● **DATA LISTING**
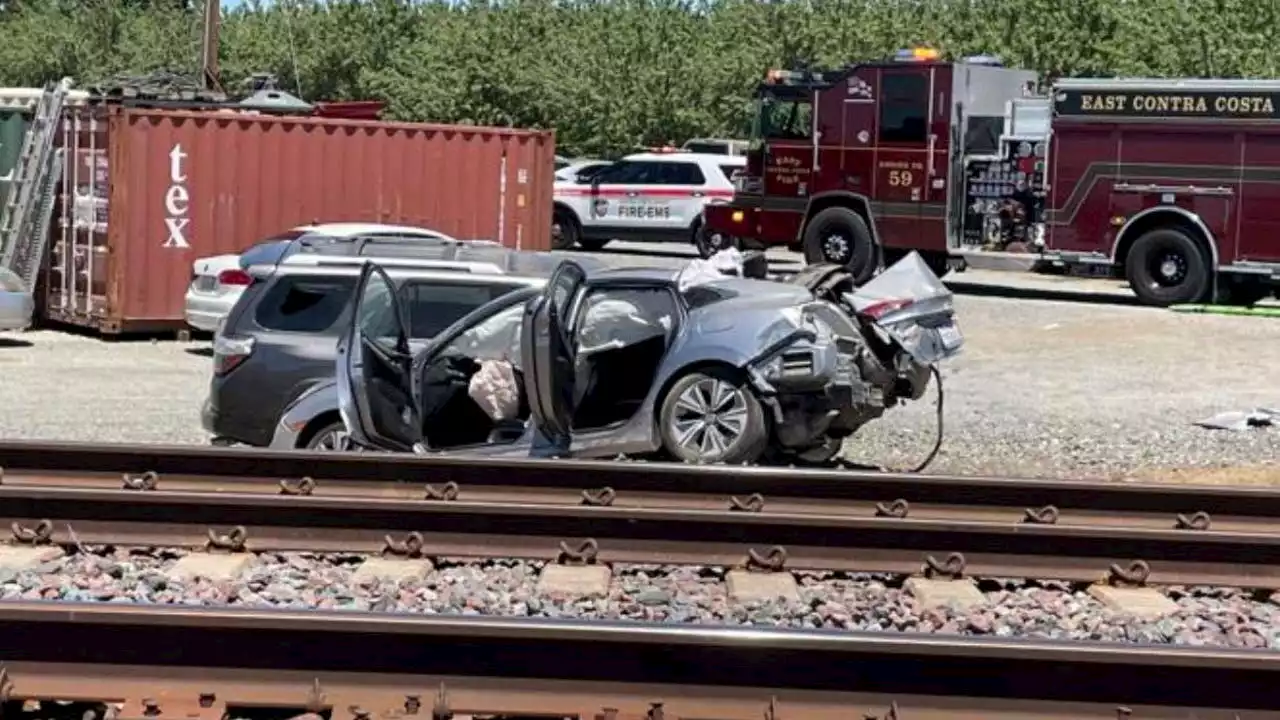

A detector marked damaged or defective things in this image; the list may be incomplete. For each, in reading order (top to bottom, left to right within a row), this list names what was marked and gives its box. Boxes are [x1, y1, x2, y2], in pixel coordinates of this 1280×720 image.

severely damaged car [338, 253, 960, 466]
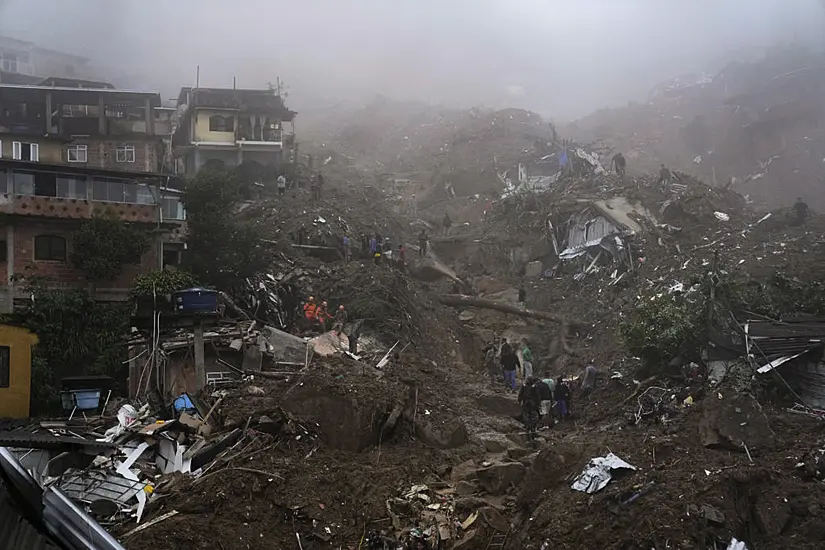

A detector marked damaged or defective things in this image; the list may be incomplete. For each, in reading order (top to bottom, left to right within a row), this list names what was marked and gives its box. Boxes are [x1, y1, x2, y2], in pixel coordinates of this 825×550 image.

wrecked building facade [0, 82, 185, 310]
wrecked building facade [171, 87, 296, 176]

● **TASK DESCRIPTION**
Nothing in the entries above should change when they are printed again, except that the pictures are dropped.

● **OUTPUT**
A detector marked damaged or defective things in this image; the list may be incomplete. For each, in reading order (top to bottom, left to right within a row), this list names what was marked and gives its box. Boxes are [x1, y1, x2, y2], in pixel coordinates of this 1280×720 image.

severely damaged car [338, 253, 960, 466]

A detector marked damaged or defective things in this image; the list may be incomplete. For each, in reading order (top to bottom, left to right within a row), this list names what was marked and gives its box. Boxes are [x1, y1, x2, y2], in pixel coordinates of this 825×550 image.

wrecked building facade [0, 82, 185, 310]
wrecked building facade [171, 87, 296, 176]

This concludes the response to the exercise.